County Efforts on Recycling of Building Materials Surpass Half-Million Ton Mark
Contractor compliance with 2012 '3D' ordinance means less waste going to landfills
Cook County's Demolition Debris Diversion (3D) Ordinance has resulted in more than 540,000 tons of building material being recycled since its passage in 2012.
In addition, another 130,000 tons of material have been reused or salvaged as a result of the ordinance, meaning that more than 600,000 tons of material resulting from building demolition has been diverted from landfills.
Construction and demolition debris represent the largest single category of waste in Cook County, said Cook County Board President Toni Preckwinkle. Considering the U.S. EPA has found that, nationally, 40 percent of what ends up in our landfills is building waste, these results are a giant step forward for the County's efforts to reduce waste.

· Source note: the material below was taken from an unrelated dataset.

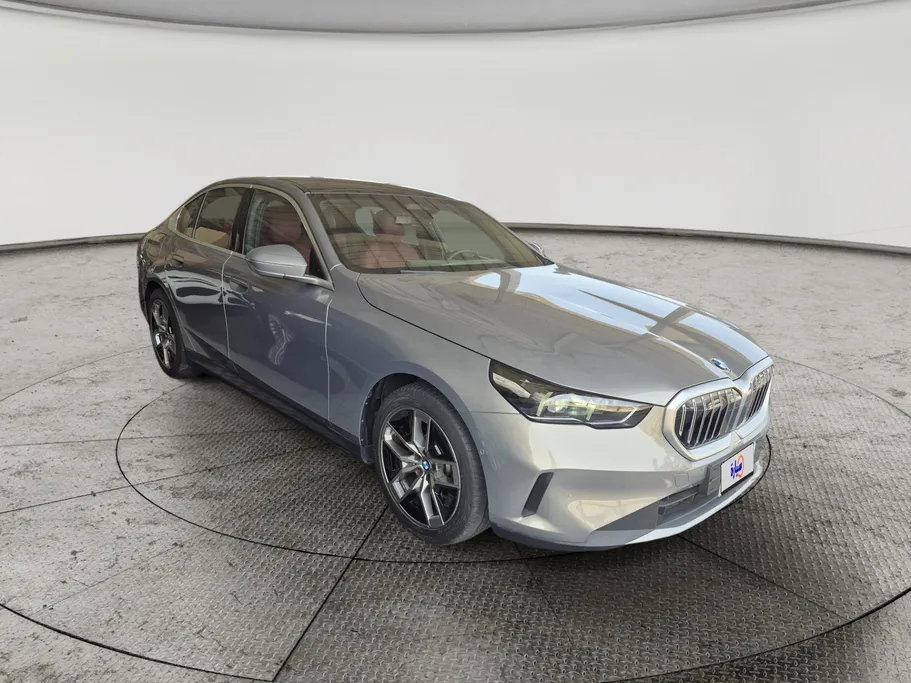 2024 BMW 5 Series 520i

The ordinance was approved by the Cook County Board of Commissioners as part of President Preckwinkle's strategy to achieve a zero-waste goal that was originally set out in the County's Solid Waste Plan update in 2012.
The ordinance took effect November 21, 2012. It requires that all demolition and major renovation projects in suburban Cook County (excluding those involving sheds and garages) recycle 70 percent (by weight) of debris and that residential projects also demonstrate that 5 percent (by weight) is diverted for reuse. (Reuse, involves the process of salvaging building material -- such as doors, sinks and cabinetry -- from one facility and using it in the same manner in a different facility.)
The benefits of recycling and reuse of construction and demolition debris goes beyond the positive environmental impacts. Reuse also creates jobs, stabilizes local economies and creates a supply stream for manufacturing, as well as materials for construction, renovation and infrastructure building, Preckwinkle said.
A study by The Delta Institute has shown that diverting 5 percent of demolition material for reuse from about 30 houses could produce revenue that supports at least one new reuse retail center and related jobs, and pay for 25-30 full-time deconstruction workers. Since the 3D Ordinance has been in effect, the number of these retailers in Cook County has increased from one to three, employing an additional 14 full-time people. In addition all three reuse retailers have job training programs and have trained a total of 82 people on building deconstruction or material reuse.
The 3D ordinance is the first of its kind in the Midwest to incorporate reuse. Reuse is even more environmentally beneficial than recycling, because it saves more material, uses less energy and produces fewer pollutants in the process. The ordinance is now seen as a national model, and the County's Department of Environmental Control, which administers the program, has fielded queries about it from municipalities such as Hennepin County, Minn.; MN, San Antonio, Texas; and Vancouver, British Columbia.
The Department of Environmental Control uses the online Green Halo system for contractors to enter waste plans and final diversion data for each job. Neither the County nor contractors are charged for using Green Halo.
Green Halo also offers a feature that suggests to contractors nearby locations, based on the address of their work, where they can take - and often get paid for - materials that they formerly would have paid to dump at a landfill.